Ne tasto le cuciture, il tessuto carbone ancora morbido come appena confezionato. Indosso la cimicia candida leggermente larga alle maniche, i pantaloni cascanti ai fianchi, la cravata rossa e la giacca che copre le imperfezioni delle vesti. La divisa di lavoro è improvvisamente più sporca e inappropriata al tatto e alla vista. E io che pensavo anche di portarla per un funerale, assurdo.

Lei ritorna, la sua presenza cresce gradualmente, il suo viaggio segnato da una catena di perle e rombi fangosi. La gobba è più pronunciata a causa del peso che portano le sue mani: la destra contiene un paio di consumate ma eleganti oxford pece, la sinistra tiene intrappolata una rosa nera, le spine non danno pietà, lo stelo bagnato di terra e sangue.

Prendo immediatamente le scarpe per liberarla dal peso; le indosso senza calzini e calzascarpe per non perdere tempo. I movimenti sono automatici e i lacci circondano il dorso dei piedi a forza.

Vedendomi pronto, lei si appresta a posizionare il fiore, la depressione dell'anulare ora ricolmata; rimuove il fazzoletto senza troppi pensieri, svelando la figura: un libro sovrasta un martello e una penna incrociati.

E lì mi rendo conto di cosa sta succedendo. A fatica registro gli altri movimenti.
Ho indosso una veste di Randall. Questa è la divisa che lui avrebbe dovuto indossare al Gressenheller. Io- io non posso accettare, non è il mio destino. La divisa è ancora sua.

Lei risistema la rosa, i petali persi nel processo sulle scarpe e a terra. Solleva lo sguardo, gli occhi vivi ma distanti, le labbra mimano parole, ora fiatate. «Ti sta benissimo―mi sorride, per davvero―io e tuo padre siamo così fieri di te. Rendici ancora più orgogliosi, Randall.» mi accarezza la guancia, un peso entra nella mia attenzione. Il nome si sparge in un eco, senza risposta, ma a lei non importa.

Un brivido di timore mi sovrasta.
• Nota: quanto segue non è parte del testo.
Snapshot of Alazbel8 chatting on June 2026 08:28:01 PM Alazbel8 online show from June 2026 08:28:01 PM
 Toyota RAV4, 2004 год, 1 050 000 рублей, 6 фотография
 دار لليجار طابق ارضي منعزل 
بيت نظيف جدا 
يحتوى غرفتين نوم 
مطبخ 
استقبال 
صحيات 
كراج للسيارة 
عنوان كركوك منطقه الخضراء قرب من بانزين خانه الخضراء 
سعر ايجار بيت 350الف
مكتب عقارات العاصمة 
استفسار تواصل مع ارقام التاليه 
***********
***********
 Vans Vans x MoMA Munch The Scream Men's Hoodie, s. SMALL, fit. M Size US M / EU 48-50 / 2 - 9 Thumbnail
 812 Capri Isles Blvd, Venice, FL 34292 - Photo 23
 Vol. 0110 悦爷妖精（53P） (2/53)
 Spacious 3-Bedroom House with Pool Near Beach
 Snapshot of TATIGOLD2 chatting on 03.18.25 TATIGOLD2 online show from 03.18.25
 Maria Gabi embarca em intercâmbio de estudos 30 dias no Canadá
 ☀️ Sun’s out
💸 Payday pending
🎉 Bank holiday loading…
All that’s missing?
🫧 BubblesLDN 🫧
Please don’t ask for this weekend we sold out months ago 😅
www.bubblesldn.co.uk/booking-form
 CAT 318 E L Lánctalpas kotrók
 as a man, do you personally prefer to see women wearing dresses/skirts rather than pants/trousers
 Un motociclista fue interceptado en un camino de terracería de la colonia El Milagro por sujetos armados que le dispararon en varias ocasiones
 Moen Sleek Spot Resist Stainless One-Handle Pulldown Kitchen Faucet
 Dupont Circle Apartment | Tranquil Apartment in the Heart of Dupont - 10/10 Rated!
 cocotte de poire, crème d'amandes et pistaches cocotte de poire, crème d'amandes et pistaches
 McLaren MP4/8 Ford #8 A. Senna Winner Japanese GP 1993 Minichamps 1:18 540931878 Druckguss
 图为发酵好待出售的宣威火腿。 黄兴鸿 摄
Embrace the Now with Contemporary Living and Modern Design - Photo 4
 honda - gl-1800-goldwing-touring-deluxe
Sì, Ea è sempre stata particolarmente affezionata e devota nei miei confronti e spesso mi diceva che mi avrebbe adottato se avesse potuto. Ma questo, permetterle di proiettare Randall in me?
, mi avrebbe detto la signora Dalilah, se fa sentire la propria padrona a suo agio.
, mi dico io, se è temporaneo. E lo è.

Stavolta lei mi accompagna per l'uscita, continuando a elogiare Randall per i suoi pieni voti.

Un peso sul ponte del naso entra nella mia attenzione, poi mi accorgo della cornice attorno alla mia visione. Deve essere la montatura di scorta di Randall: voleva a tutti i costi averne un altro paio per non poterne mai stare senza. Sono sicuro che anche ora la ha indosso: non oserebbe mai togliersela.